Não. De maneira nenhuma, pelo menos racionalmente. Há coisas que nos condicionam de forma subconsciente que não percebemos. Se nesse ponto há qualquer coisa, talvez haja, mas não é nada que me tolha viver com outra pessoa. A separação pode ser uma dor, mas depois supera-se. Hoje, se os pais souberem fazer as coisas, as crianças superam perfeitamente. A separação dos meus pai não foi uma tragédia. A minha infância não foi de tragédia, havia antes uma sociedade muito preconceituosa em relação a isso e nós tentávamos esconder...

Que tipo de infância foi então?

Tirando a separação, que foi complicada, tive uma infância muito parecida com a das outras pessoas.

Como era a relação com os seus irmãos na altura?

Era óptima, eu e o meu irmão andávamos sempre juntos. A minha irmã era quatro anos mais nova, era uma menina e não gostava tanto das nossas brincadeiras. Mas depois na adolescência, quando começou a ter amigas giras... ela não queria, mas nós andávamos atrás dela (risos).

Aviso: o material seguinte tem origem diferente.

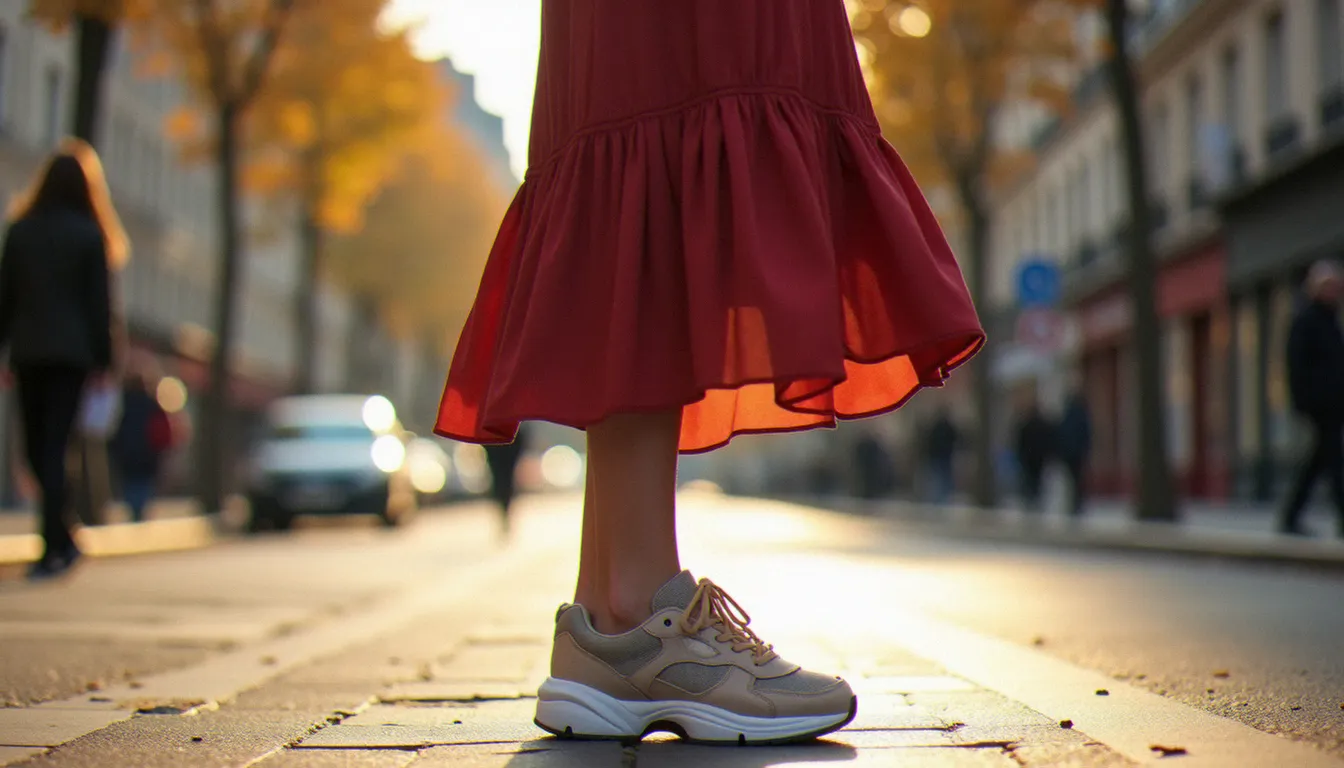 Femme portant des sneakers rétro chunky avec une jupe midi dans une rue parisienne en lumière d'automne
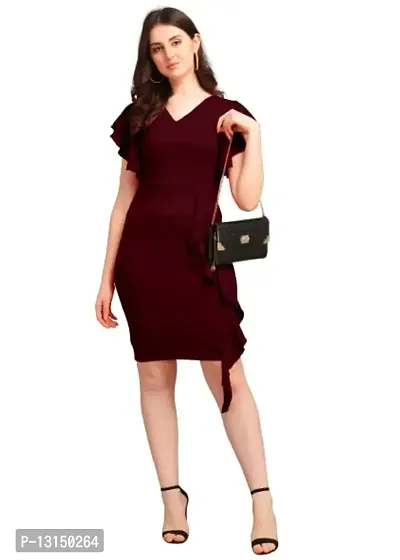 DK-Dresses for Women V-Neck Short Sleeve Lycar Dress (M, Maroon)-thumb5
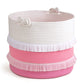 CherryNow Large Rope Basket - 16x13 Pink Decorative Woven Basket for Toys, Blankets, or Laundry, Cute Tassel Decor for Baby 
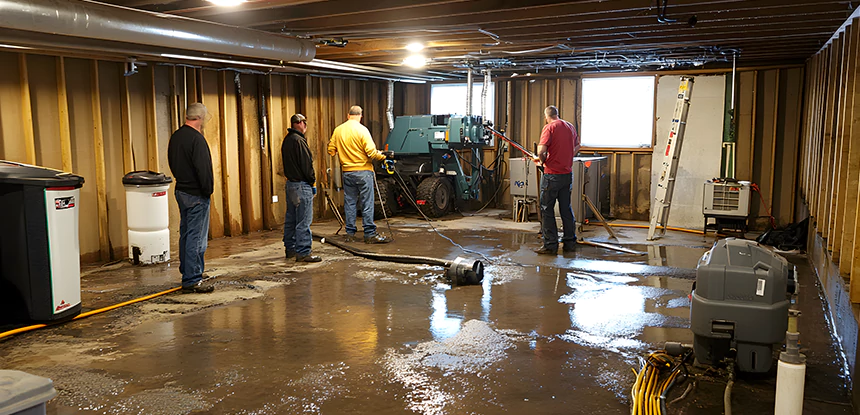 Cleaning Sewage From Basement Floor in Peachtree Corners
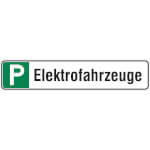 Parkplatzschild Symbol: P, Text: Elektrofahrzeuge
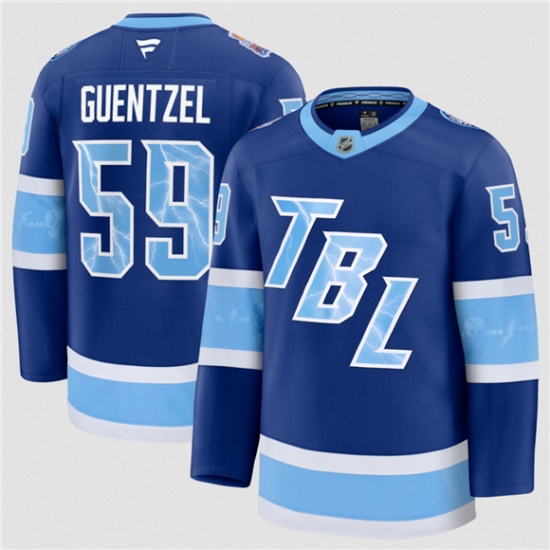 Personalized Men’s Tampa Bay Lightning #59 Jake Guentzel Blue 2026 Stadium Series Stitched Jersey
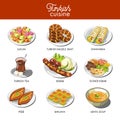 Turkish cuisine food and traditional dishes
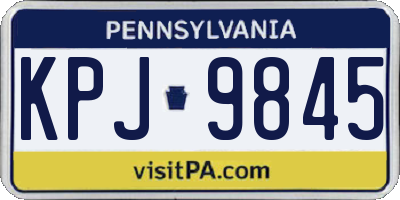 PA license plate KPJ9845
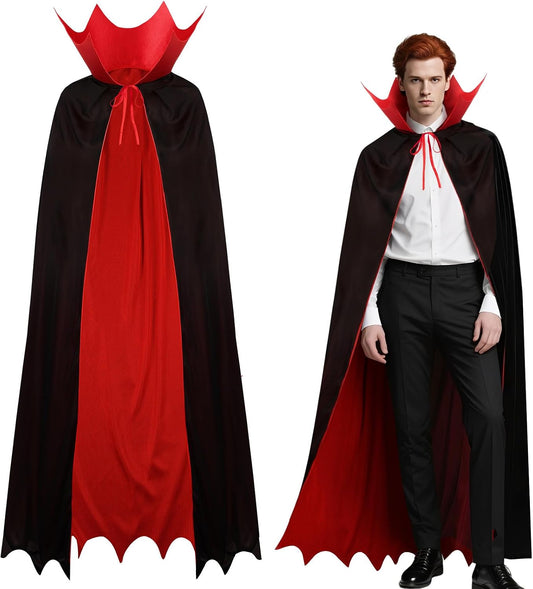 Pelerină cu glugă dublu față roșu negru, lungă pentru adulți, Halloween, vampiri, petrecere cosplay, costum fancy, bal mascat, vrăjitoare, joc de rol pentru adulți (150 cm)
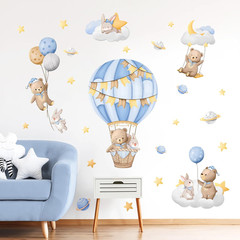 Blue Hot Air Balloon Wall Stickers Cartoon Bear Rabbit Stars Planets Wall Dec…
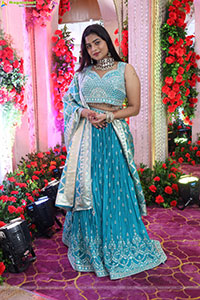 Siri Papa stills in Blue Designer Lehenga Choli, HD Gallery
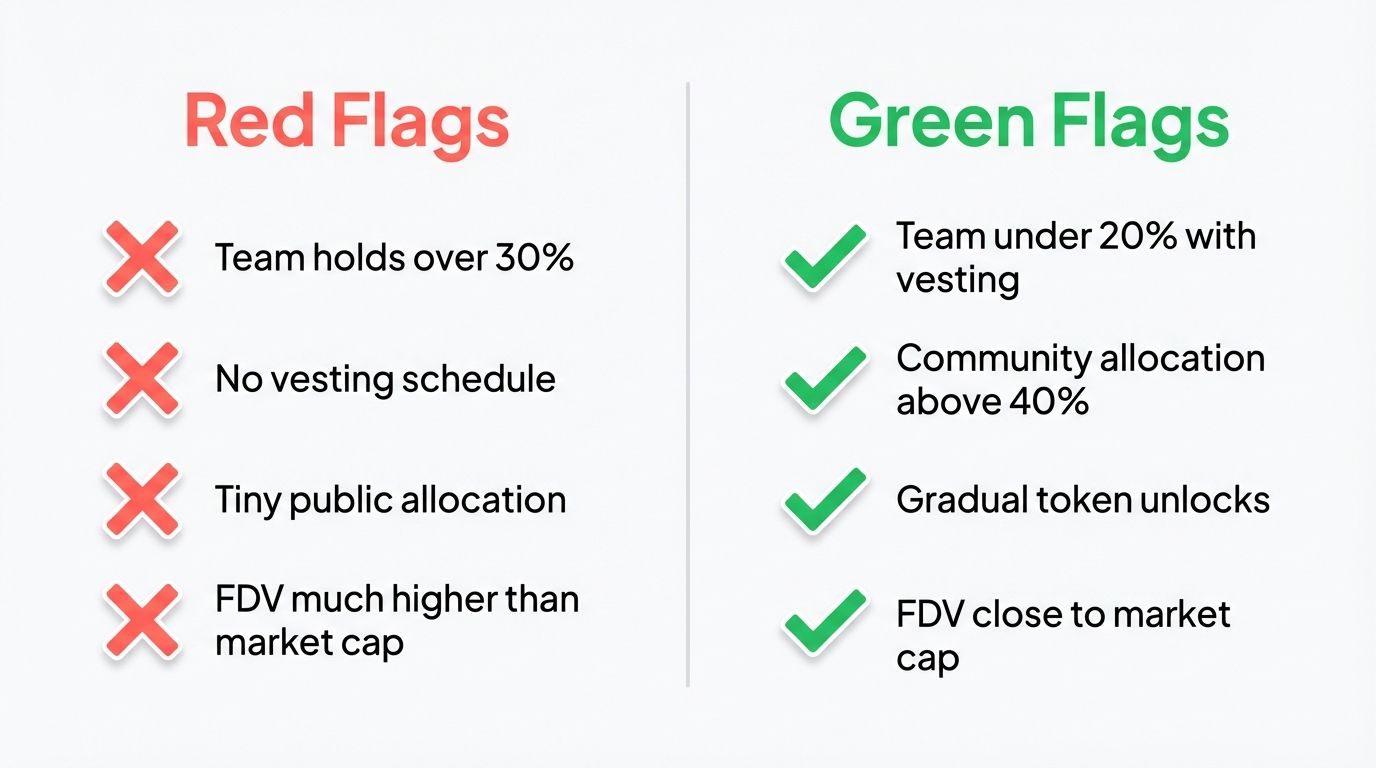 Red flags versus green flags in token distribution including team allocation vesting and FDV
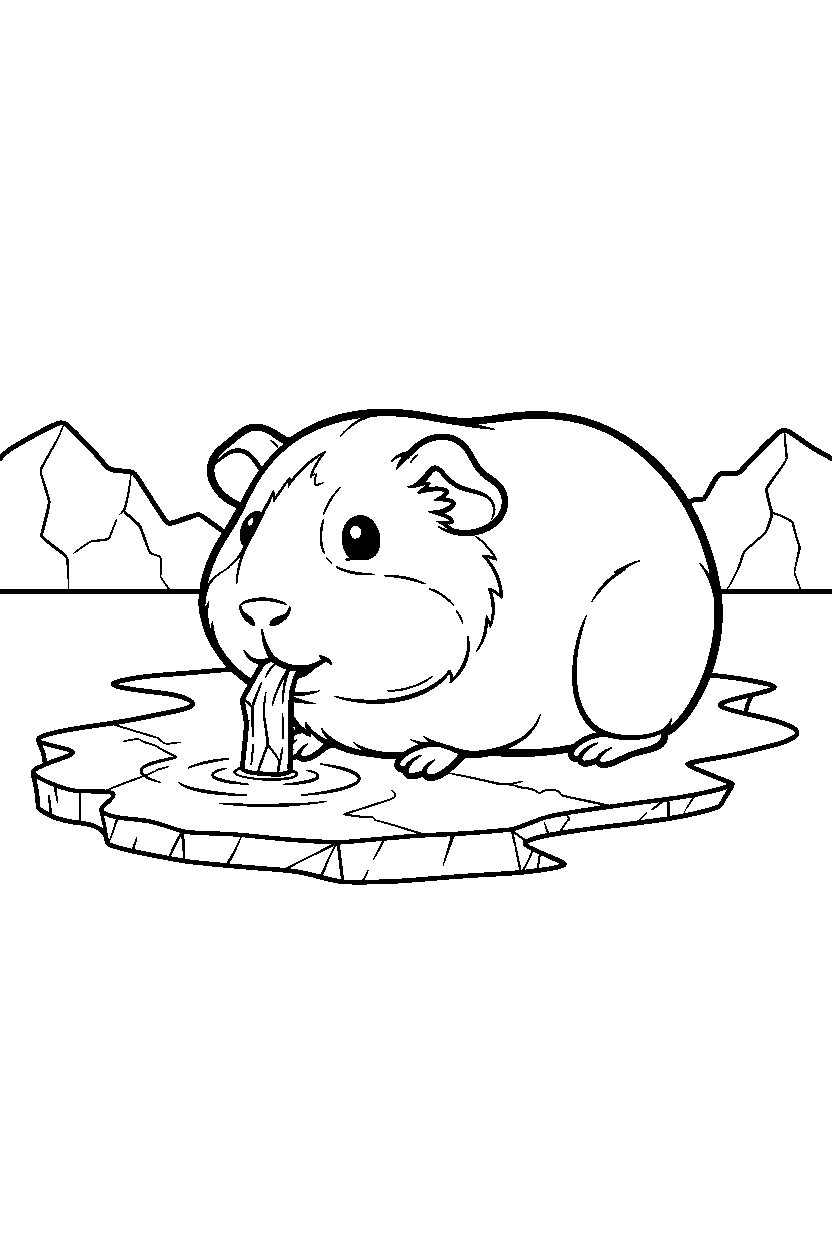 guinea pig drinking water on an ice lake line art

Foi namoradeiro na adolescência?

Nem por isso. Tinha amores muito platónicos quando era adolescente. Apaixonava-me perdidamente, não sabia aproximar-me e sofria em silêncio. Depois percebi que assim não valia a pena, que o melhor era andar, andar...

Com que idade descobriu isso?

Para aí aos 26 anos. Até lá sofri imenso. De verdade! Apaixonava-me por uma rapariga, falava com ela, mas era tão tímido que não dava sinais e aquilo bloqueava. Acontecia-me imenso, tive paixões de caixão à cova.

E o que mudou em si aos 26 anos?

É uma idade aproximada. Não sei, libertei-me um bocadinho mais ou talvez tenha começado a ser mais adulto nesse aspecto. Mas não estou a dizer que não tinha namoradas, mas as pessoas por quem me apaixonava...

Quando deu o seu primeiro beijo?

Não me lembro... (pensativo) O meu primeiro beijo a uma rapariga deve ter sido aos 10 anos. Basicamente, éramos seis rapazes, pegámos nela, manietámo-la e beijámo-la todos. Não a violámos. E ela depois deu-nos porrada a seguir (risos).

E fez muitas noitadas?

Em que sentido?

Sair com amigos?

Ai muito, muito. Agora já não tanto, mas ainda gosto de sair à noite, mas menos.

Quando chegou o 25 de Abril, chegou a liberdade, as drogas tornaram-se mais comuns, também experimentou?

Não, pensava muito mais em política. Nunca me meti na droga, só fumava tabaco. No liceu já trabalhava politicamente com coisas simples, distribuía panfletos, mas era complicado. Mas depois com o 25 de Abril foi a liberdade. Se não tivesse vindo a revolução não sei como teria sido.

Imaginava-se na clandestinidade?

Não. Mas para haver clandestinidade tinha de haver pessoas que não eram clandestinas para os ajudar. Mas eu não tinha vocação para a política a esse nível.

O que o fez desistir da política?

Foi a profissão. Mas sempre me interessei por política. Acho que é um dever dos cidadãos fazerem escolhas políticas, apoiarem.